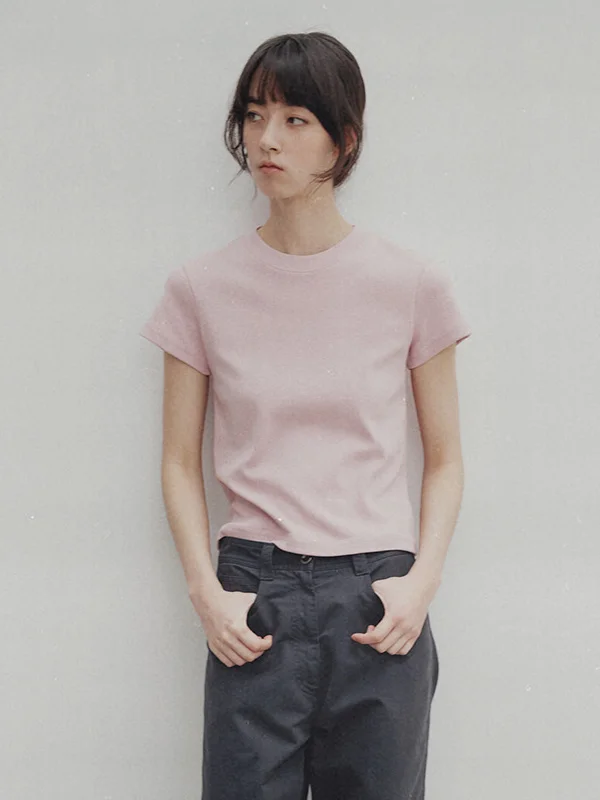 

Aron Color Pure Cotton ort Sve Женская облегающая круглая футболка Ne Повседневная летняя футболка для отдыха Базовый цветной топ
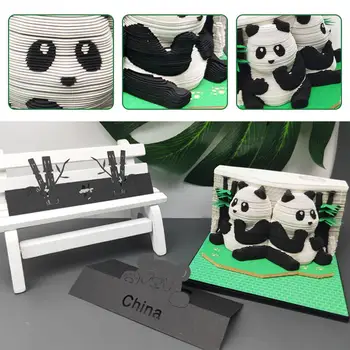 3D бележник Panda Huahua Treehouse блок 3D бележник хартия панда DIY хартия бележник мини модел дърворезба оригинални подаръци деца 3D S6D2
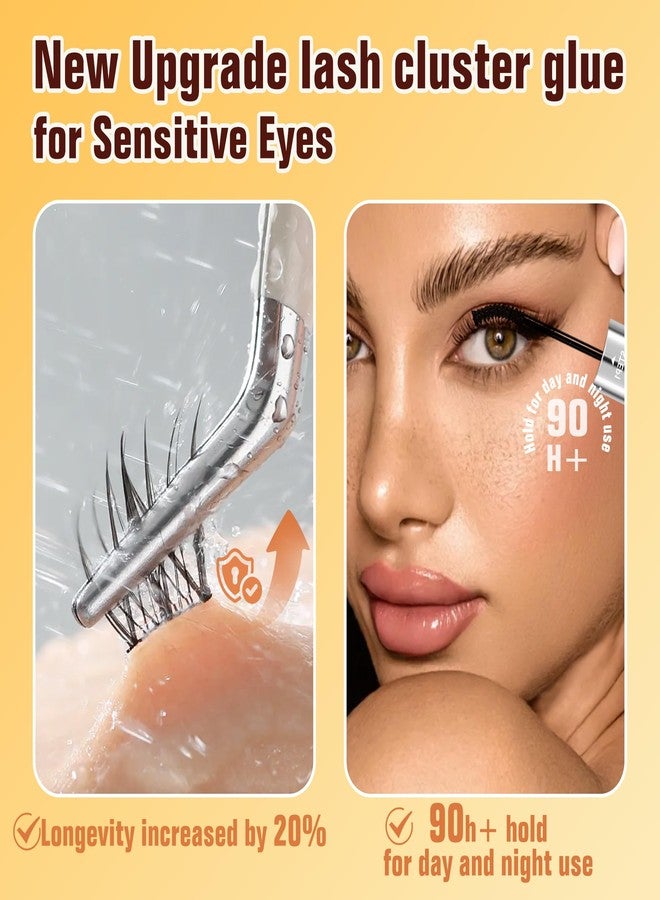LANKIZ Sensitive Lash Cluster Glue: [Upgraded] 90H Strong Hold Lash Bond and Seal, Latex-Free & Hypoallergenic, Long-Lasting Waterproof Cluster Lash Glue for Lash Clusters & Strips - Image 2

▸ Exercise brief:
Without the pictures, write out all of the material exactly.

▸ Output for this task:
Aron Color Pure Cotton ort Sve Женская облегающая круглая футболка Ne Повседневная летняя футболка для отдыха Базовый цветной топ
 3D бележник Panda Huahua Treehouse блок 3D бележник хартия панда DIY хартия бележник мини модел дърворезба оригинални подаръци деца 3D S6D2
LANKIZ Sensitive Lash Cluster Glue: [Upgraded] 90H Strong Hold Lash Bond and Seal, Latex-Free & Hypoallergenic, Long-Lasting Waterproof Cluster Lash Glue for Lash Clusters & Strips - Image 2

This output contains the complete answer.